Doubtless we will see in due course whether or not the paper review process and video cameras are an adequate substitute for widespread and local general commissioners, who, for all their faults, were locally based. Are there any plans to review the layer of the tribunal system that has taken over the general commissioners’ functions in order to ensure that the needs of small businesses and individuals are not steamrollered in the name of modernisation? Of course the tax system exists fundamentally for tax and legal specialists on both sides of the fence, and the new tax tribunals will doubtless be configured around their needs.

A core part of the new arrangements for tax appeals is for HMRC to review its decisions when taxpayers are in disagreement, as the Minister has explained. That seems sensible; indeed, given that significant costs are imposed on the taxpayer when there is a disagreement—for example, in legal and professional fees—it seems only fair that HMRC should review its position before the tribunal system is involved.
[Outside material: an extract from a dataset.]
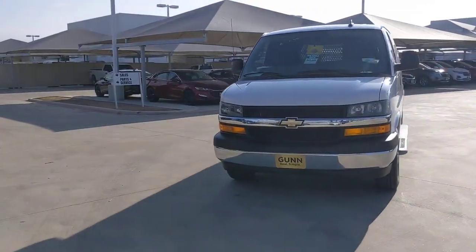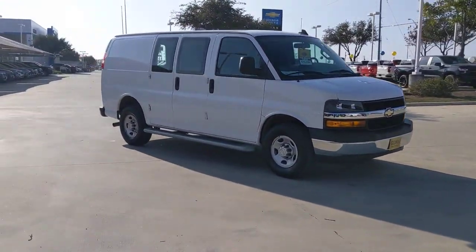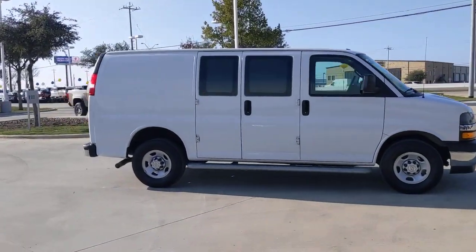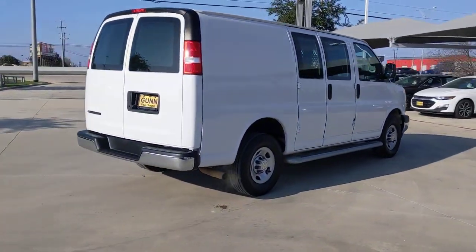Get into the 2020 Chevrolet Express. This vehicle is an outstanding buy with fewer than 35,000 miles on the odometer. Take a closer look at this capable Chevrolet Express — versatile, powerful, and equipped with advanced safety features, it offers your business all the advantages.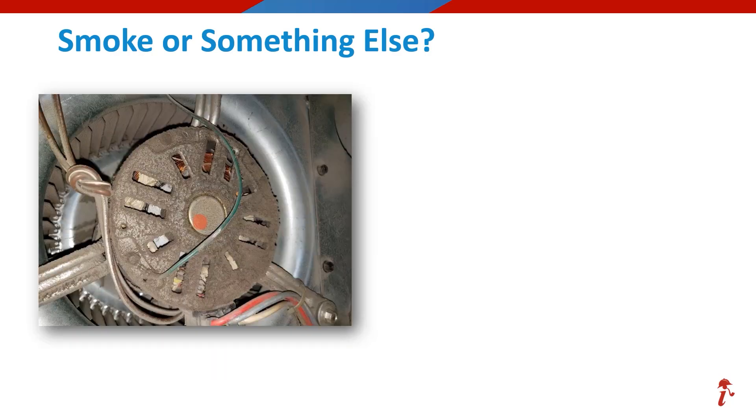These are our last two photos. This blower motor has something going on — do you think that is smoke or not? This one is smoke. And with all that smoke inside the motor, it will not be able to be cleaned, and we are at a minimum probably going to have to get a new blower motor.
There is a big problem with the review process, however, which derives from its lack of definition. In particular, proposed new Section 49E in paragraph 30 of Schedule 1 to the order says that,

“the nature and extent of the review are to be such as appear appropriate to HMRC in the circumstances”.

That does not create the certain environment in which taxpayers should be entitled to operate.
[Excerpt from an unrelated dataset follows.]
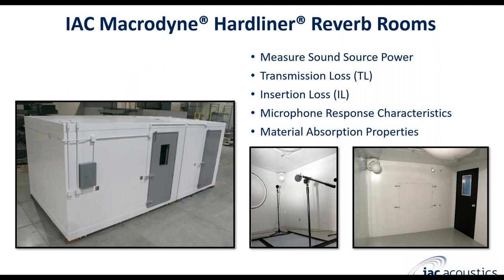IAC's Macrodyne Hardliner reverb rooms are a customized size room that can be in pretty much any shape and size needed to fit your space. Some typical applications include measuring sound source power, transmission loss of materials (typically flat samples), insertion loss for complex 3D geometry samples, microphone response characteristics, and material absorption properties. You can see in this photo an example of a material absorption test — the sample is set on the floor with microphones placed in the center and corners of the room. The reverberation room also has circular diffusion panels mounted on the walls and corners to help keep the room very diffuse.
The Minister will doubtless be aware of the shopping list of things that the Institute of Chartered Accountants in England and Wales and the Low Incomes Tax Reform Group have said ought to be in this order. It includes a lot of procedure so that the taxpayer will know where he is in the whole process and what information he should have. They believe that it should contain a definition of the required distance between the reviewing officer and the decision-making officer and that a statutory purpose for the review should be set out. These bodies are concerned about a lack of safeguards for the taxpayer or, to use my words rather than their more measured ones, about HMRC paying lip service to the concept of a review while little changes in practice.

The order is not amendable but the points, in our view, are valid. How will the appeal process work and what are taxpayers entitled to expect from it in its various stages? More importantly, what is the purpose of the review? Is it just to confirm that HMRC is up for a fight, or is it to give an independent internal review of the case so that HMRC will proceed only in cases of clear and correctly determined disagreement? Have the Government closed their minds to using the existing powers in Section 124 of the Finance Act 2008 that would allow them, by order, to specify matters that are to be considered in the context of reviews?

I should also mention the unfortunate divergence between the appeal processes for direct and indirect taxes. I dealt with the Commissioners for Revenue and Customs Bill when it was before your Lordships’ House, when we were constantly promised the sunny uplands of bringing VAT and income or corporation taxes together so that the taxpayer had a one-stop shop. We did not believe it then and this order is another example of a lack of underlying will to conform the administration of the two streams of tax when it does not suit HMRC. A VAT appeal is made to the tribunal but, in the case of income or corporation tax, an appeal is merely notified to the tribunal, because the term “appeal” has been clung on to by the direct tax side of HMRC’s business as the first formal stage of a dispute.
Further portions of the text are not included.